**Assigned task:** In the listing below, find the line containing "DINO looking at dinos" and the line containing "新型花盆造型多肉精致小花植物个性 创意绿植老庄橙子透气装 饰阳台". Repeat exactly those two lines and every line between them.

**Data for this task:**
——————

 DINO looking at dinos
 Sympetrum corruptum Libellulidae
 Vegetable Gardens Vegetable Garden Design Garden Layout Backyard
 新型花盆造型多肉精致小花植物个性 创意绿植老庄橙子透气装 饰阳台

——————

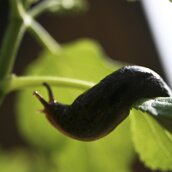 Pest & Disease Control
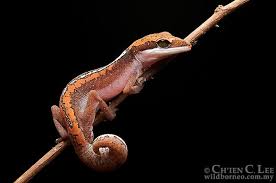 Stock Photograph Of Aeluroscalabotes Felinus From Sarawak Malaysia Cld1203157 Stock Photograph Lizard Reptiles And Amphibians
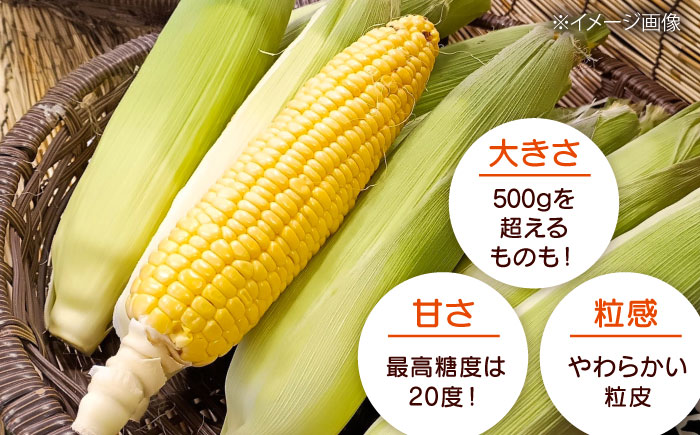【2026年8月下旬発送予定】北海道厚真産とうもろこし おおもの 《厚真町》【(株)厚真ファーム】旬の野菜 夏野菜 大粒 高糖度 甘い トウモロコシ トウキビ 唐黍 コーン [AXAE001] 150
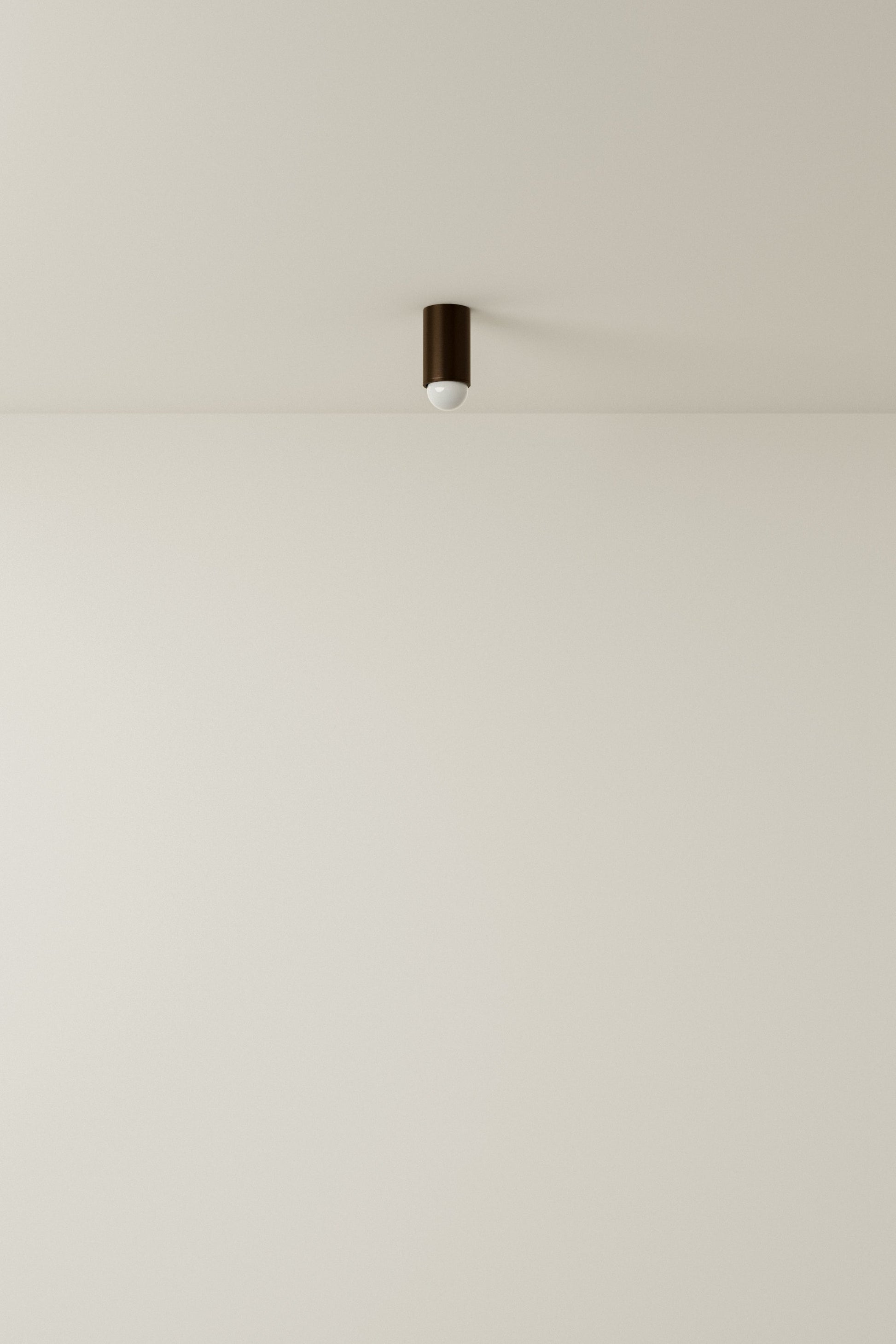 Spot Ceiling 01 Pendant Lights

——————

**Task answer:**
 DINO looking at dinos
 Sympetrum corruptum Libellulidae
 Vegetable Gardens Vegetable Garden Design Garden Layout Backyard
 新型花盆造型多肉精致小花植物个性 创意绿植老庄橙子透气装 饰阳台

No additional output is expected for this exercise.